Think EV comes to North America
Kleiner Perkins Caufield & Byers and RockPort Capital Partners have formed a joint venture with Norwegian electric car maker Think Global to bring their highway-speed, crash-tested car to the U.S. market in 2009. Kleiner Perkins managing partner Ray Lane, who is chairman of the new Think North America, called the creation of the joint venture and plans to mass-manufacture an electric car in the United States a “seminal event” along the way to zero-emission transportation. “The transportation industry is undergoing its largest transformation since Henry Ford built the Model T,” said Lane.
The Think City model is 95 per cent recyclable and reaches a top speed of 65 miles (100 kilometres) an hour. It can also drive up to 110 miles (180 kilometres) on a single charge, though I’m guessing that varies depending on the battery technology used. Think Global is working with two battery technologies: On the lithium-ion side, the car can use a nanophosphateTM system produced by A123, or a lithium manganese system from Enerdel; another option is a nickel-sodium chloride “Zebra” battery from MES DEA SA.

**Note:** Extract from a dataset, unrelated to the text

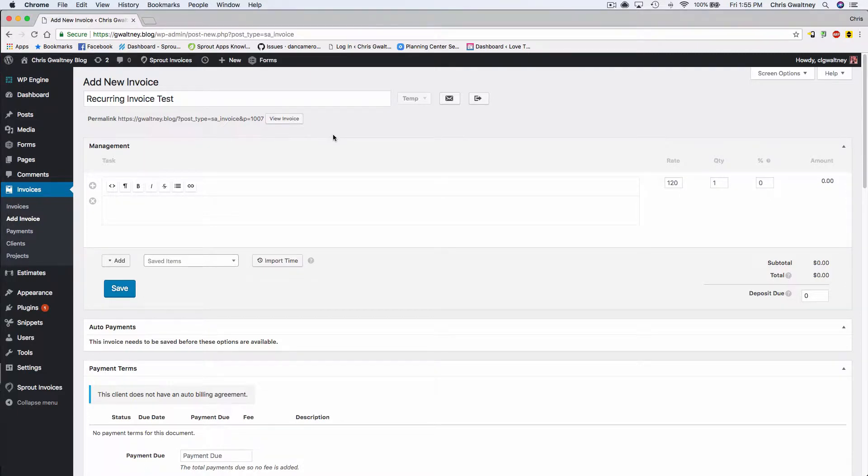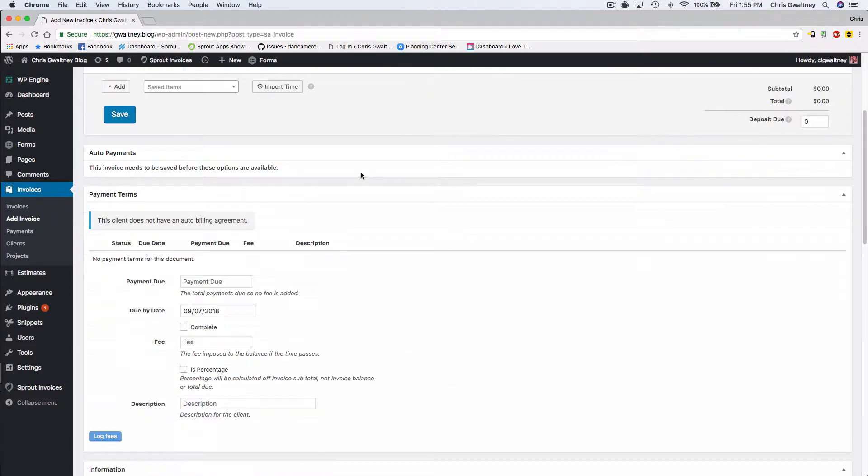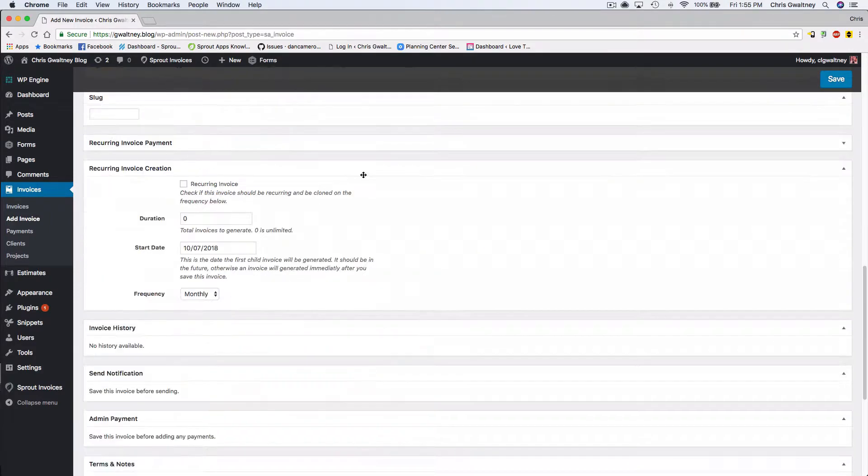So first let's go into the existing invoice that you want to make into a recurring invoice. Scroll down until you see recurring invoice creation. Now this is where things get simple.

This announcement merely adds momentum to an exciting trend. The fact that Kleiners and RockPort are getting behind this and directly steering the new Think company is yet another sign that EVs aren’t just a passing fad. A number of startups and some of the big automakers are in a race to get the first mass-market electric vehicle to market over the next year or two. This competition is healthy, and will continue to drive the kind of battery innovation we need to truly see EV vehicles reach mass appeal.
Me, I drive a little 1997 Honda Civic hatchback. My next car will be electric — either all or plug-in. I can’t wait until that purchase day comes.